We did have our share of near disasters on Little Harvest Caye.  Our boat, the " Sarah Jane", drifted  from where it was docked twice.  If my father hadn't swam strong and fast to retrieve it, we would have been stranded.  Once during a bad storm, the ocean swallowed up nearly our entire island, and huge waves washed away our newly planted vegetable garden.  The one true disaster came when my father’s new, expensive fish trap was stolen.  That fish trap was how my father was supposed to make money.  He would catch fish and sell on the mainland.  All of our family savings had been spent in preparing to move to Little Harvest Caye, so making money is essential.  Without this trap, my father is still able to catch plenty of fish for the family to eat, but nowhere near enough to sell.

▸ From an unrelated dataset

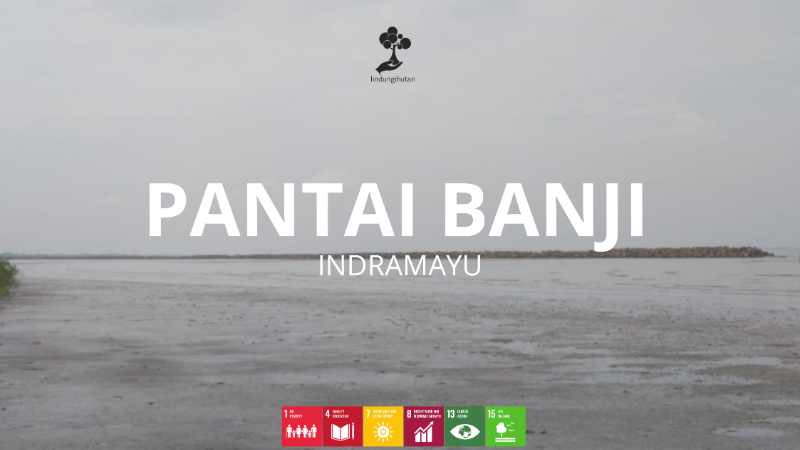 Pantai Banji-1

With tensions between my parents growing, our time on this magical little island is coming to an end.  Sarah and I still play blissfully in the sand and in the mangrove trees, wearing our island uniform; underpants.  A shrub by our house looks like an underwear tree, because my mother uses it to dry our freshly washed underpants from the days before.  Sheets, clothes and especially underpants dry quickly on our windy and sunny island.  One of our favorite adventures is finding starfish by the ocean shore.  With their bright colors and textured exterior, they are the perfect accessory for little girls to toss around.  But too soon our days on Little Harvest Caye come to an end.  We pack up all our belongings, and Anelliot, our cat into our little boat.  My father starts the motor and hoists the sails, which were sewn by hand by my mother, and we are on the way.  On the way to where I don't know.  Will we have a house?  Will there be lots of snakes? Will we have enough to eat?  Will my father stay with us? Will I ever see Little Harvest Caye again?  All this uncertainty makes me worry, but as I watch Little Harvest Caye grow smaller and smaller in the distance Sarah puts her arm around me and I know every thing is going to be alright, no matter where our next adventure takes us.
-Rosanna Forman

Sunday, March 16, 2014

Little Harvest Caye, Part I

I am perched in a mangrove tree, a few feet off the ground.  I am four years old, wearing only underpants, and not fully sure how I am getting down after this climb, but I feel safe, at home and happy.  In front of me is the sapphire blue ocean, partially blocked by the thick winding branches and green leaves of the mangrove.  I feel the warm sun and salty sea breeze on my body.  Below me is the wet sand and long roots of the mangrove.  Above me is my older sister, Sarah, whom I call TT.  She is also in her underpants, and much higher than I am in the mangrove tree.  Sarah tells me step by step where to put my feet and hands as I climb higher and higher, until we both reach our goal; a clearing in the mangrove where we can see beyond it. 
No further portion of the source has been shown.